Set routes for autonomy

Commercial trucks and off-highway equipment often travel set routes, a factor many say will make trucking one of the early markets for autonomous vehicles. The current shortage of drivers provides additional impetus for removing humans from driver’s seats. Autonomous trucks already traverse specific routes in mining sites and autonomous systems guide tractors through fields.

Self-driving trucks are getting closer to operating on public highways, typically with plans to start driving along limited routes. “Many trucking companies move freight along specific routes, our partner UPS has thousands of routes that don’t vary,” said Chuck Price, TuSimple’s chief product officer. “We are solving how to drive on surface streets in traffic, with all the randomness that entails. But we are containing complexity by limiting tests to that operational domain.”

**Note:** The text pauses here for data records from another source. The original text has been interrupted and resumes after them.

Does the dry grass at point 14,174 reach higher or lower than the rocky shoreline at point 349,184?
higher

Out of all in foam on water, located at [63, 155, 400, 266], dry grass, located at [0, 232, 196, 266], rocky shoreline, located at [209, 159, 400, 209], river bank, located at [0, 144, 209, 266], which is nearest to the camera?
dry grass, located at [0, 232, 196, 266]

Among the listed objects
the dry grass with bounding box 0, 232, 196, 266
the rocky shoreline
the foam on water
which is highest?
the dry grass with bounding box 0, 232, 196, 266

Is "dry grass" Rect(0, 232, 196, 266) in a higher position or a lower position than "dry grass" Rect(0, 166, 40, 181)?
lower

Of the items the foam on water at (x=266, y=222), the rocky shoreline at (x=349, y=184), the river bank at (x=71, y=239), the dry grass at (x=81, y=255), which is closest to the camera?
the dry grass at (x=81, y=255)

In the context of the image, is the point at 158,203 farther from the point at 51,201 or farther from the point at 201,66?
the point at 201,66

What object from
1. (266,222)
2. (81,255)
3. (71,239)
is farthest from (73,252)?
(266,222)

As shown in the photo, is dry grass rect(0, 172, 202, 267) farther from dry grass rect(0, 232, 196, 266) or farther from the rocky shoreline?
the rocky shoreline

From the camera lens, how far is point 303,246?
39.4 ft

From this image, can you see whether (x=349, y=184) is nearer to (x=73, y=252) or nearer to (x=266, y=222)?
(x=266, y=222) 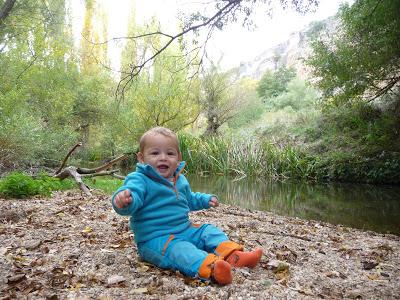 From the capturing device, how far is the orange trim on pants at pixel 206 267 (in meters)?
2.24

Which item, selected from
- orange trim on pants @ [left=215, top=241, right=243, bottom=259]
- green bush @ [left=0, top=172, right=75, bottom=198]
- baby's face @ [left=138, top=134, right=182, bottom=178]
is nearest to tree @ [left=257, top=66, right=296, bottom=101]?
green bush @ [left=0, top=172, right=75, bottom=198]

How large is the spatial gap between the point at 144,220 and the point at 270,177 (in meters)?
11.6

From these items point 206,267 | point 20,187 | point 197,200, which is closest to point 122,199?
point 206,267

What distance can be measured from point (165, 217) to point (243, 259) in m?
0.62

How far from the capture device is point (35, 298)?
6.36 feet

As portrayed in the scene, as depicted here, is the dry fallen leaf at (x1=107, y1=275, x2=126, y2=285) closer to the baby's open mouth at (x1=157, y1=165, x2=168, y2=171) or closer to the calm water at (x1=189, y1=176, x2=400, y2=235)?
the baby's open mouth at (x1=157, y1=165, x2=168, y2=171)

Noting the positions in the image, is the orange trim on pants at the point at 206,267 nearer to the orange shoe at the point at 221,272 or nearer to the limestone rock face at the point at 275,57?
the orange shoe at the point at 221,272

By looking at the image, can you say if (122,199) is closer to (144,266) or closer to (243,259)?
(144,266)

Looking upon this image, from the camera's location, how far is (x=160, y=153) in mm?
2688

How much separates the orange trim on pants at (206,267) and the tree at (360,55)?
21.7 feet

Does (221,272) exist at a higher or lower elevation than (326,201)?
higher

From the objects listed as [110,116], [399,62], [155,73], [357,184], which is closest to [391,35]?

Truck manufacturers are taking aggressive steps to move beyond controlled tests. Volvo opened its Autonomous Solutions group early this year, focusing research that already includes vehicles operating in a Swedish port. Daimler’s Highway Pilot is preparing to make the transition from safety system to autonomous controller.

Strategies for migrating to autonomy vary. Some in the trucking industry have suggested limiting autonomous semis to highways, letting drivers take over driving in urban areas. However, the logistics of getting drivers to holding sites where many trucks are parked will be difficult. “That model doesn’t fit how trucks are used,” Price said. “If trucks are limited to highways, how do they get to the highways? You need a terminal, which would have to be huge, and a way to get drivers to the terminal.”

The availability of high-resolution maps is among the factors driving operators to limited operational domains. Maps with constantly updated data including information about construction and road conditions are considered a critical element for driverless trucks. Startups and established cartography companies are figuring out how to maintain precise, up-to-date maps. “For years, mapping companies bragged of having this many miles,” said Jeremy Carlson, the IHS Markit analyst. “Ultimately, customers called back and said they wanted better data, with more frequently updated information for smaller regions. Mapping is hugely important.”

OEMs are also looking at keeping humans involved in autonomous driving – but at safe social distances, monitoring vehicle activities from remote sites. Remote operators may be called in when trucks encounter situations that autonomous systems can’t understand. “A remote operator can step in when decisions can’t be made by the system,” said Valeo’s Guillaume Devauchelle. “If there’s a red light but a policeman says please go, a human can easily decide that it’s OK not to pay attention to the red light.”